Chrome and Firefox require all web fonts to pass the OpenType Sanitiser https://github.com/khaledhosny/ots


Turing-completeness isn't a problem per se (lots of people get this wrong) because no attacker is trying to compute something: they want to run some shellcode, or redirect an HTTP request, or display something on screen, or something like that, none of which a Turing machine can do.

The worst a Turing machine can do is run forever, which is easily prevented by limiting the number of steps it can ran.


this really misses the point/problem entirely, the problem with parsing a turing complete format is that verifying data encoded with it in the general case (as valid/non malicious/useful) is equivilent to the halting problem.

They are dangerous to parse not because they can potentially run forever, but because due to their expressiveness, it is very easy to arbitraily trigger bugs, aided by the massive nessisary complexity of most parsers.

Those two things together make avoiding logic errors invoked by malicious data, leading to exploitability essentially impossible to prevent.

Another factor is it is impossible to formally verify something that executes turing complete code.


Would a primitive recursive language be less dangerous?
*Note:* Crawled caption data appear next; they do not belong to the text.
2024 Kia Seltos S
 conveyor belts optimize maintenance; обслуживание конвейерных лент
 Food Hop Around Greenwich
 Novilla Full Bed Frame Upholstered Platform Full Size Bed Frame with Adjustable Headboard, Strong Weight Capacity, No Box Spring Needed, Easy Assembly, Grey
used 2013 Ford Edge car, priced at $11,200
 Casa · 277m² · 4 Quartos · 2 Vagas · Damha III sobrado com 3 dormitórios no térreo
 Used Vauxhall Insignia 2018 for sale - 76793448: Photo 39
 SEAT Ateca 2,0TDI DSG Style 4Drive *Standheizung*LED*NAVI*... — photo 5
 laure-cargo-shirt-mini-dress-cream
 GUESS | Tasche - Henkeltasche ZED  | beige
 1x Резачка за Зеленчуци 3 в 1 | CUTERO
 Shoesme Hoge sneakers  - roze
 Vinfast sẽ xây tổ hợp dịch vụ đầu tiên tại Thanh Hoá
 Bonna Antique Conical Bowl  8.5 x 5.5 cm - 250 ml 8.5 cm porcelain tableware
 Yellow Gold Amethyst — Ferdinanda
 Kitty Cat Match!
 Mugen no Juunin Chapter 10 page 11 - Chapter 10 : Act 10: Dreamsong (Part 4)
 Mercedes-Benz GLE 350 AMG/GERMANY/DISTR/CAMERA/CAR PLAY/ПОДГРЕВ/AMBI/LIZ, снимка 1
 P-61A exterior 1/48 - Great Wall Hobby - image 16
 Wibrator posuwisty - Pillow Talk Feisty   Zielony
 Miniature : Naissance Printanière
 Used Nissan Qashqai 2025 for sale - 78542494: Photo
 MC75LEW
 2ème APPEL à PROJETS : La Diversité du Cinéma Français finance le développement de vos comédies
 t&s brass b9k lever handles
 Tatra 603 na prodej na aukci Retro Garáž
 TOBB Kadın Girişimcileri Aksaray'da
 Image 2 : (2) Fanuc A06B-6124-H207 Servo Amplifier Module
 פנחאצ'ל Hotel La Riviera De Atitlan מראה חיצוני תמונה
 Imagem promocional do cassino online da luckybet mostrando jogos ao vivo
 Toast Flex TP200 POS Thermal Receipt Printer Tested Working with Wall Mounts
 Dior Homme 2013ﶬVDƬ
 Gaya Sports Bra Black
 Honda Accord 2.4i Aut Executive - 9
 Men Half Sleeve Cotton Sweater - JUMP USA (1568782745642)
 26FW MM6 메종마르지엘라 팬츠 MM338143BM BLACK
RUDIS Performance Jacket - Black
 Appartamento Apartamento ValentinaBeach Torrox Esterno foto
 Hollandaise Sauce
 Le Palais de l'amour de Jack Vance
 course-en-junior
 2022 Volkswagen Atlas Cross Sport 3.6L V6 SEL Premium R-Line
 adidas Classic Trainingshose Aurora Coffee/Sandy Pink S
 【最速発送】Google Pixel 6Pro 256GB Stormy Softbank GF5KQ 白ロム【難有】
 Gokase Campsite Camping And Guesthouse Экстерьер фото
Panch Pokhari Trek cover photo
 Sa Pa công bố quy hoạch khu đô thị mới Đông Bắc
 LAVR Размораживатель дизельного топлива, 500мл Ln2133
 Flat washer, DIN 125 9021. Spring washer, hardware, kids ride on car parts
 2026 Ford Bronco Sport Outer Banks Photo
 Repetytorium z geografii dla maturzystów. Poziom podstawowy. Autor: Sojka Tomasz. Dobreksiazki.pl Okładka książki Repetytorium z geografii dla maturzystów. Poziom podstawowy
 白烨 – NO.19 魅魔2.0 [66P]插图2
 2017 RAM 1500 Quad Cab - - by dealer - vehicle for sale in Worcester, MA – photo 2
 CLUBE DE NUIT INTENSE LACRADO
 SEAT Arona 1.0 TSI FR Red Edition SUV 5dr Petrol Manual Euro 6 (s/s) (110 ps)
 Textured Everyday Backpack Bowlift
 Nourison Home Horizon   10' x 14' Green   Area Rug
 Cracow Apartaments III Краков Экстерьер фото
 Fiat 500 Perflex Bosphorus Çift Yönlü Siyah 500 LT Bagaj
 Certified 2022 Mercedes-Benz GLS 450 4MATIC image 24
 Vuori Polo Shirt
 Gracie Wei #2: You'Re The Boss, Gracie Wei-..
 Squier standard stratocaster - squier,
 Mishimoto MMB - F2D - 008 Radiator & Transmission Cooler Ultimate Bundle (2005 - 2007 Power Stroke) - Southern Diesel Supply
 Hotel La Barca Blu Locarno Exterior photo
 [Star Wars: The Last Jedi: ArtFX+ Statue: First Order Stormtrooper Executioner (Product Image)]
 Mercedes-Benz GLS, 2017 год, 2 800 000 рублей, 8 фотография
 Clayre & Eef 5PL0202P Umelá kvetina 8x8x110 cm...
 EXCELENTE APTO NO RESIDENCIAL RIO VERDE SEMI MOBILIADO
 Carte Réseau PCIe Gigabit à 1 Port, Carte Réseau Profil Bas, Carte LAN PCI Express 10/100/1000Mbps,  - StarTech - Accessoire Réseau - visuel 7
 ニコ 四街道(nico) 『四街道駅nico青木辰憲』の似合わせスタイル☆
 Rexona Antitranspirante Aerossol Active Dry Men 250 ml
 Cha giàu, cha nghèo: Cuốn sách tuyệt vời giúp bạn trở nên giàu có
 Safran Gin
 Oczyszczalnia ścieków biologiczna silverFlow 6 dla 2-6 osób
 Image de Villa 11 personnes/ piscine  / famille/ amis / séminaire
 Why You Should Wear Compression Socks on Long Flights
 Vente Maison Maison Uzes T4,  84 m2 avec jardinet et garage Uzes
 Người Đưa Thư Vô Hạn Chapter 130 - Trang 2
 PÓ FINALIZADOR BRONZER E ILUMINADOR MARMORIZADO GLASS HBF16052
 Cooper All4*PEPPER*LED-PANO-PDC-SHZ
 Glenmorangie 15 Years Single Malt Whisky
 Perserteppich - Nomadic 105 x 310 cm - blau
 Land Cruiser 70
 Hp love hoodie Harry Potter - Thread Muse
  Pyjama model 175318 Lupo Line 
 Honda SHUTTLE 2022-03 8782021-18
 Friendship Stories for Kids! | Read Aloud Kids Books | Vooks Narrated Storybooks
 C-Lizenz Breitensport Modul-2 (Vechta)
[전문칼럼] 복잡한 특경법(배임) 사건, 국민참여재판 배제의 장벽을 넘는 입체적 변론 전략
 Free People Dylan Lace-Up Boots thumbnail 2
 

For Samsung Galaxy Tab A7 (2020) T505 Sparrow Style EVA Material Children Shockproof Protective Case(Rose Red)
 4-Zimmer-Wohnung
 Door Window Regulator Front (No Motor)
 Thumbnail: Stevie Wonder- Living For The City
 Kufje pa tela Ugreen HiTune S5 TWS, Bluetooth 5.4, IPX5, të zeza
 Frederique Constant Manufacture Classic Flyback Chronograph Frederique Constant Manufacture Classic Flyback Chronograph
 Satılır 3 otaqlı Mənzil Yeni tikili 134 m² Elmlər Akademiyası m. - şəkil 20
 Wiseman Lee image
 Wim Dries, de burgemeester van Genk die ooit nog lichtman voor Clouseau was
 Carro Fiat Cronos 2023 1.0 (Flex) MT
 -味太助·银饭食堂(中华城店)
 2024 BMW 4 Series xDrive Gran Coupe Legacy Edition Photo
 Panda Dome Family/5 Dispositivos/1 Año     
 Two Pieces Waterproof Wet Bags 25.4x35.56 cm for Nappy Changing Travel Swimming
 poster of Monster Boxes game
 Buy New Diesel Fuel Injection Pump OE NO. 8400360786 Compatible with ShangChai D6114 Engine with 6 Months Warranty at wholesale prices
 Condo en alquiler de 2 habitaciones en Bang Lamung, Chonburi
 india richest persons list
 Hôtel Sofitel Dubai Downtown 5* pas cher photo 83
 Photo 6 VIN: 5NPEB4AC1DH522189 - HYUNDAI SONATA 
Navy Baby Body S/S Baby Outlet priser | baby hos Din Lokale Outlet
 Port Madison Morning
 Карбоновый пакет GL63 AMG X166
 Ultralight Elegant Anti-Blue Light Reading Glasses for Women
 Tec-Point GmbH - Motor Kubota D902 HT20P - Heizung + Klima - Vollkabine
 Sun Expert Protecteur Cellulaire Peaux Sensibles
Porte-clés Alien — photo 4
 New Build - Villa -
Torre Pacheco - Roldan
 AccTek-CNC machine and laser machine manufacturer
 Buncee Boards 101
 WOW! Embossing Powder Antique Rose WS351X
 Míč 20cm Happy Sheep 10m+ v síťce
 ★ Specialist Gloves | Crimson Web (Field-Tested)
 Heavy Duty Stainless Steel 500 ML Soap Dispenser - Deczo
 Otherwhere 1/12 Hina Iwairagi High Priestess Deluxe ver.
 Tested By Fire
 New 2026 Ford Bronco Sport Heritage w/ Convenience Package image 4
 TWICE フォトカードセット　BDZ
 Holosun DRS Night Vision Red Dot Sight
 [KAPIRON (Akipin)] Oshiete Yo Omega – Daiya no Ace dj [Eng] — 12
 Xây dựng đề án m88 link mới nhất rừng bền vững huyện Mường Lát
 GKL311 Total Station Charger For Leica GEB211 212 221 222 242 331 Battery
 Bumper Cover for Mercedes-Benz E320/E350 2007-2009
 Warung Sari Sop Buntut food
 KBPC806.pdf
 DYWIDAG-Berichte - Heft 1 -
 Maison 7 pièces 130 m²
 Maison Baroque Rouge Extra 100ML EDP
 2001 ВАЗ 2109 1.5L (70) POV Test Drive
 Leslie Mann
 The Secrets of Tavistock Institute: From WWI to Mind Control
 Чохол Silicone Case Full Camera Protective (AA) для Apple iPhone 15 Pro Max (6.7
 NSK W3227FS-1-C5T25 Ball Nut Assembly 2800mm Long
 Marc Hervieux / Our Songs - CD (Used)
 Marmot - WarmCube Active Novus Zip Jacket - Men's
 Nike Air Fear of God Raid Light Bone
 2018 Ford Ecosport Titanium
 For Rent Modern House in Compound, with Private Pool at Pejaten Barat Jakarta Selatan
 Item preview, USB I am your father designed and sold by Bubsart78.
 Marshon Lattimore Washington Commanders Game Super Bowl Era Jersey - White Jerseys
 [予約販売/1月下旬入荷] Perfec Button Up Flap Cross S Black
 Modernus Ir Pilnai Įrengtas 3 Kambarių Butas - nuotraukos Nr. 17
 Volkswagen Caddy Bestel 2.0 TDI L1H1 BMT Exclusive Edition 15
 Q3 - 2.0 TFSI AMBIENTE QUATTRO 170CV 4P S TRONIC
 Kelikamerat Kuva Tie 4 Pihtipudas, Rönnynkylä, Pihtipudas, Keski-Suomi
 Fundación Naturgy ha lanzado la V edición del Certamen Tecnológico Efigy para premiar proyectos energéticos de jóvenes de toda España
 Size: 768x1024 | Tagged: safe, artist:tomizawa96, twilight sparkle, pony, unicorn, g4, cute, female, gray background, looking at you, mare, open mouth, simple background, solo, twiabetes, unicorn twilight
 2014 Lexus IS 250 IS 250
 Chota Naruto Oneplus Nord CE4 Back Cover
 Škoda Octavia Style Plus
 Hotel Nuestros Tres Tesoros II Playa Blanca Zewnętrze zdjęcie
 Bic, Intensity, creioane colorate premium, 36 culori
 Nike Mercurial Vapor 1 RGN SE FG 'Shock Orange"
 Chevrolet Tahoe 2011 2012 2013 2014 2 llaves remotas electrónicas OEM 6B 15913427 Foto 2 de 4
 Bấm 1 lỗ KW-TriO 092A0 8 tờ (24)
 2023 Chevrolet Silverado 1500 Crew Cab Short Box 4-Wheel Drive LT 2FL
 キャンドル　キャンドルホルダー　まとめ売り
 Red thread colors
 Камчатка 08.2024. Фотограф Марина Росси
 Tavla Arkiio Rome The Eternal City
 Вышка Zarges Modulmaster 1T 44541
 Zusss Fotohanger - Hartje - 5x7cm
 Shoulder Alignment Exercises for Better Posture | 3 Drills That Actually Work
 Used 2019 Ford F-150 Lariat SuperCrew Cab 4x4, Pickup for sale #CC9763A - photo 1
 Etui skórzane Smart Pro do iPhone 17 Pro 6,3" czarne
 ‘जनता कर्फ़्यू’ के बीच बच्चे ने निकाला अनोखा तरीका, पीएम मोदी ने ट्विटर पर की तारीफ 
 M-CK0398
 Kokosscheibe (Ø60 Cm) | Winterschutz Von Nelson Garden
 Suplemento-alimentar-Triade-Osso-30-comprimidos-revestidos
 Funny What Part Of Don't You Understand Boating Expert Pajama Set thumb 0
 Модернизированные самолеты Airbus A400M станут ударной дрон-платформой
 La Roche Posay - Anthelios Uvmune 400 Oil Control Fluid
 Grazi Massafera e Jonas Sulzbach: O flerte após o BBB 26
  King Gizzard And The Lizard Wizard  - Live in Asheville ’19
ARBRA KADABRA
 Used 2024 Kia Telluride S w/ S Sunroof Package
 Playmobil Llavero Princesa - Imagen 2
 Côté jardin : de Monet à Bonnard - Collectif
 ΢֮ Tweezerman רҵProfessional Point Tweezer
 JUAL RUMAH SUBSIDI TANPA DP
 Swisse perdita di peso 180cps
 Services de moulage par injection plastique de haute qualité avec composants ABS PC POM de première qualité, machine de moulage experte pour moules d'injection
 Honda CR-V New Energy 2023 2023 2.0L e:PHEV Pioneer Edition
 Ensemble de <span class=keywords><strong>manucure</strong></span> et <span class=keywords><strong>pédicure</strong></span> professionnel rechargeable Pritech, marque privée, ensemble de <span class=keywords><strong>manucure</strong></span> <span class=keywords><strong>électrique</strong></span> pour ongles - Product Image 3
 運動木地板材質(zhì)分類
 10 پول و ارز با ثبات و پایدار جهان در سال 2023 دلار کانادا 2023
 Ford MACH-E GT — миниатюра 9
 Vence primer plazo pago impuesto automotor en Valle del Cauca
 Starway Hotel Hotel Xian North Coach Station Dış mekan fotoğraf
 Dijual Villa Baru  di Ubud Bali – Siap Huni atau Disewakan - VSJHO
Well, it depends on the language.

> They are dangerous to parse not because they can potentially run forever, but because due to their expressiveness, it is very easy to arbitraily trigger bugs, aided by the massive nessisary complexity of most parsers. > Those two things together make avoiding logic errors invoked by malicious data, leading to exploitability essentially impossible to prevent.

Actually, the parsers for these languages are not too complex -- the problem is that they're written in a language ill-suited to writing parsers. The interpreters are complex, but all the exploitability is very easily avoided: by writing the interpreter in a memory-safe language.

This problem might be bug-prone, but a bug in a font interpreter should lead to whacky looking fonts, and never to remote code execution. The fact that it routinely does just shows we're using the wrong tools for the job.


there are more classes of exploits than simply memory management errors. For instance look at the laundry list of issues surrounding verification of x.509 certificates. Deciding a forged certificate is valid is catastrophic, and invokes no sort of memory related exploit at all.


X.509 certificates don't contain any Turing-complete languages, so the fact that X.509 interpreters have the same class of bugs as font interpreters, that supports my point that Turing-completeness itself is not the problem.